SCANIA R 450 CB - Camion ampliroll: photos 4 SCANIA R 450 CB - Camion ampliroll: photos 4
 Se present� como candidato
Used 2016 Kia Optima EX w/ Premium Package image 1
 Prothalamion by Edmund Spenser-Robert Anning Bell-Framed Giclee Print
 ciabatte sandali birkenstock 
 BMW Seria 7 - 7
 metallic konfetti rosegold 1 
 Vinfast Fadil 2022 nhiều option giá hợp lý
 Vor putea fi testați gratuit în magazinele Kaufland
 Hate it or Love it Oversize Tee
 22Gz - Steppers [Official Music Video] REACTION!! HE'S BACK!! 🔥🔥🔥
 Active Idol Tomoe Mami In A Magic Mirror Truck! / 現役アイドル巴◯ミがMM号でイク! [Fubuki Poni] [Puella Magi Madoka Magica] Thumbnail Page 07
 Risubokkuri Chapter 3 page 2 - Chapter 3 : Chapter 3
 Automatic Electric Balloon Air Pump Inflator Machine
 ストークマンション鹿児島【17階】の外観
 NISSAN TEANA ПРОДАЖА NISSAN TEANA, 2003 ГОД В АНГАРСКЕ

-*-*-

Aim of the exercise: Transcribe the records above in full, exactly as they stand.

Written answer:
SCANIA R 450 CB - Camion ampliroll: photos 4 SCANIA R 450 CB - Camion ampliroll: photos 4
 Se present� como candidato
Used 2016 Kia Optima EX w/ Premium Package image 1
 Prothalamion by Edmund Spenser-Robert Anning Bell-Framed Giclee Print
 ciabatte sandali birkenstock 
 BMW Seria 7 - 7
 metallic konfetti rosegold 1 
 Vinfast Fadil 2022 nhiều option giá hợp lý
 Vor putea fi testați gratuit în magazinele Kaufland
 Hate it or Love it Oversize Tee
 22Gz - Steppers [Official Music Video] REACTION!! HE'S BACK!! 🔥🔥🔥
 Active Idol Tomoe Mami In A Magic Mirror Truck! / 現役アイドル巴◯ミがMM号でイク! [Fubuki Poni] [Puella Magi Madoka Magica] Thumbnail Page 07
 Risubokkuri Chapter 3 page 2 - Chapter 3 : Chapter 3
 Automatic Electric Balloon Air Pump Inflator Machine
 ストークマンション鹿児島【17階】の外観
 NISSAN TEANA ПРОДАЖА NISSAN TEANA, 2003 ГОД В АНГАРСКЕ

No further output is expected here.